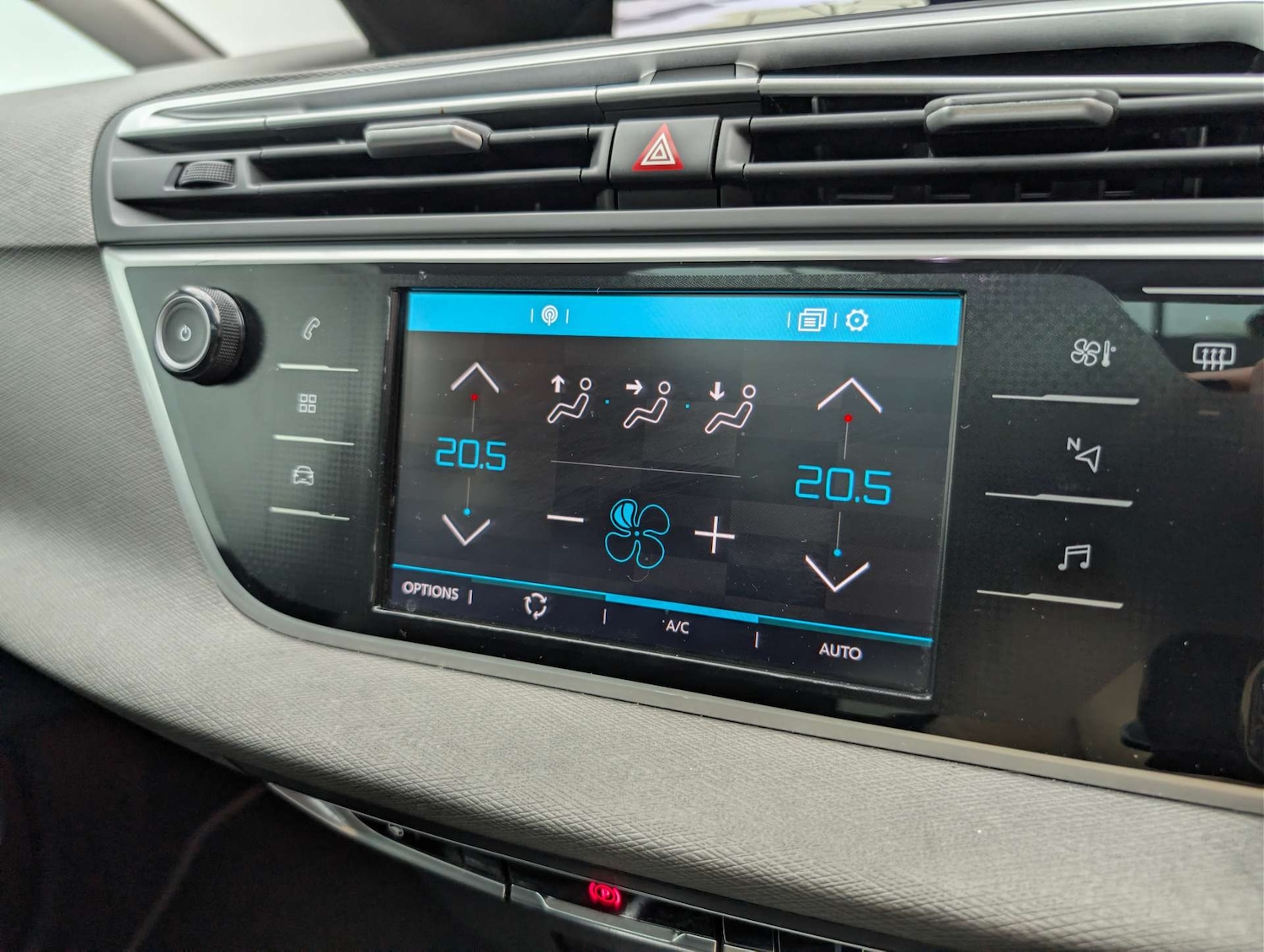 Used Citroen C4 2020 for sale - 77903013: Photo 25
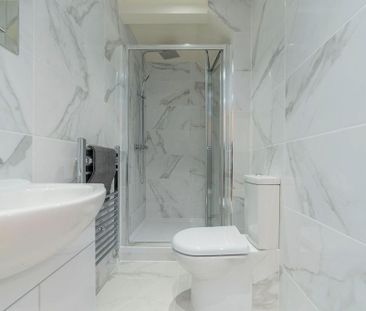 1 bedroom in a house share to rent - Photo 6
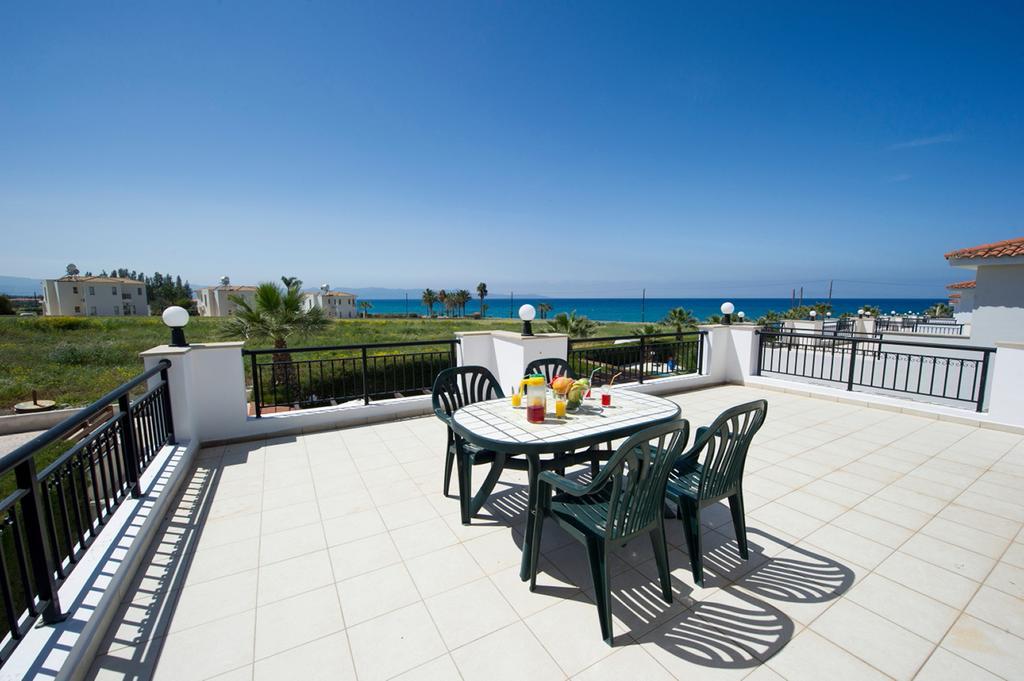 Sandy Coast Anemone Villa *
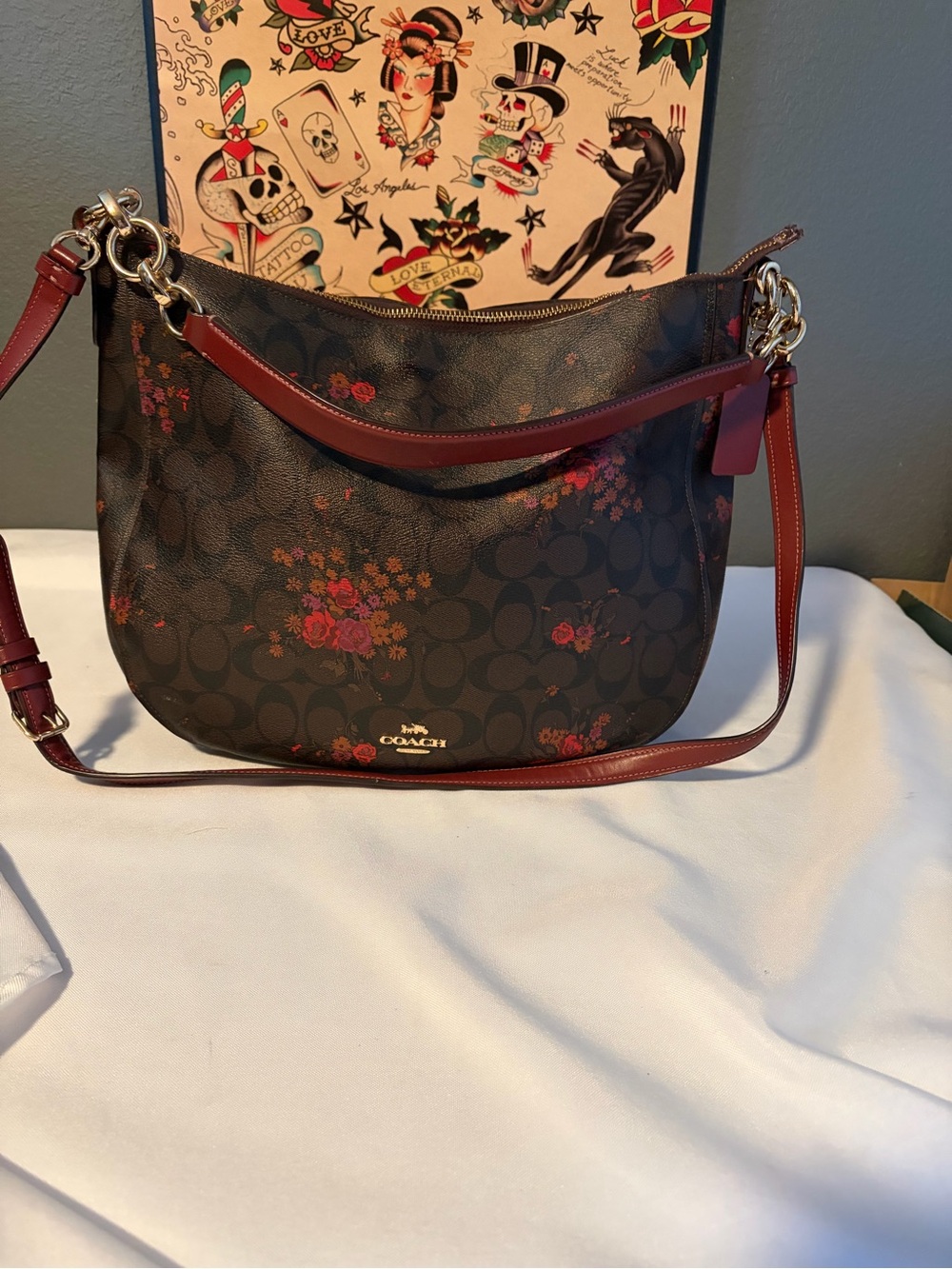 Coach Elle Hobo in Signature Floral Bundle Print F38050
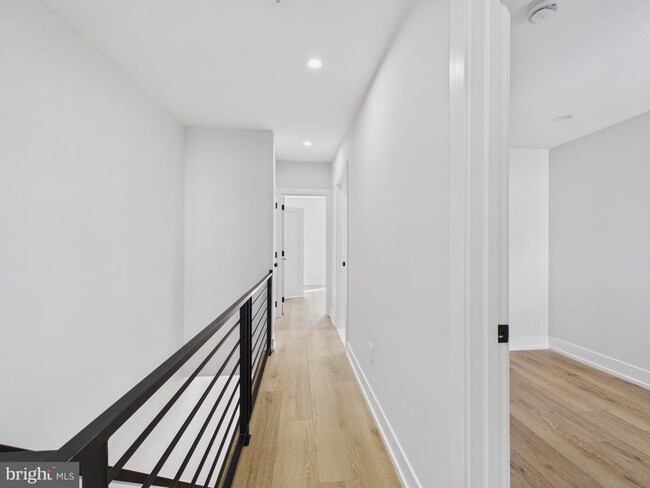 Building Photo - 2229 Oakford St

...

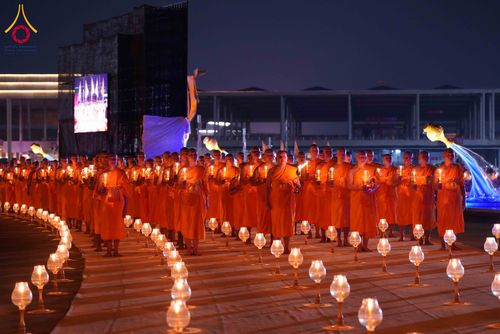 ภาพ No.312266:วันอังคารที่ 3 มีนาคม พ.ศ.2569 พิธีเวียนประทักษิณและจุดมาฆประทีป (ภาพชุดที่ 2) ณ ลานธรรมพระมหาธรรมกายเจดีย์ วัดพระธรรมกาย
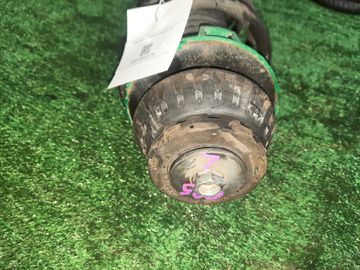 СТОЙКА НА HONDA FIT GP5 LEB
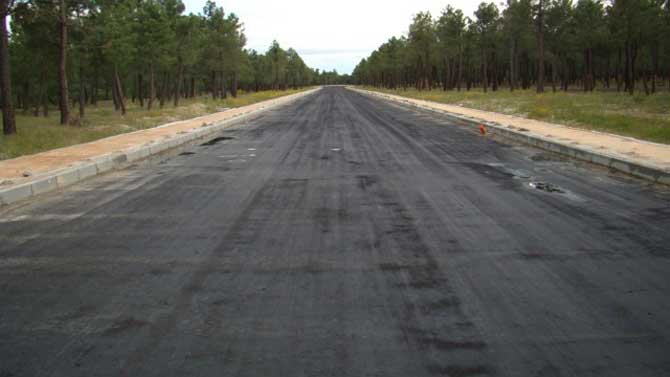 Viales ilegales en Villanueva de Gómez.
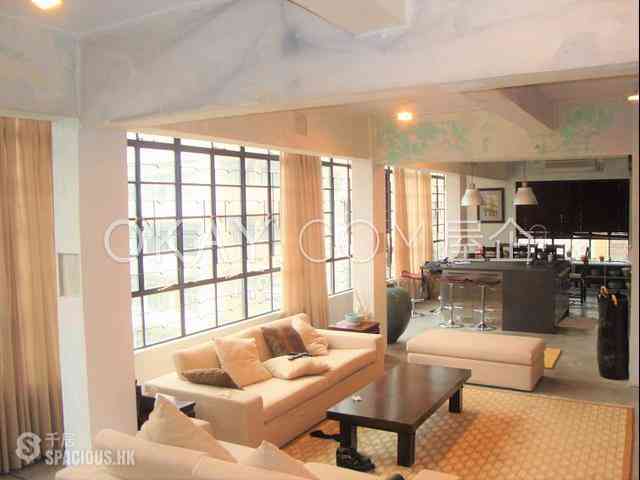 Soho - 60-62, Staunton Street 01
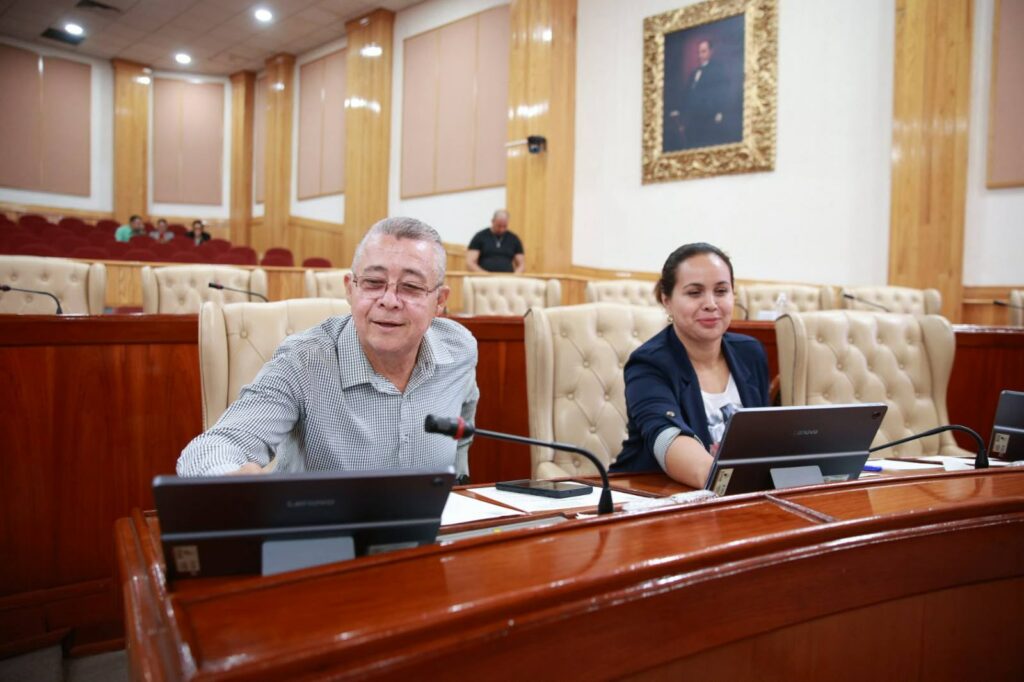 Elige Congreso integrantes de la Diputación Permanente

> **What you have to do**
Only one part of the material above is wanted: the lines from the one with "1 bedroom in a house share to rent - Photo 6" up to and including the one with "Building Photo - 2229 Oakford St". Please copy them exactly, pictures left out.

> **Solution for this task**
 1 bedroom in a house share to rent - Photo 6
 Sandy Coast Anemone Villa *
 Coach Elle Hobo in Signature Floral Bundle Print F38050
 Building Photo - 2229 Oakford St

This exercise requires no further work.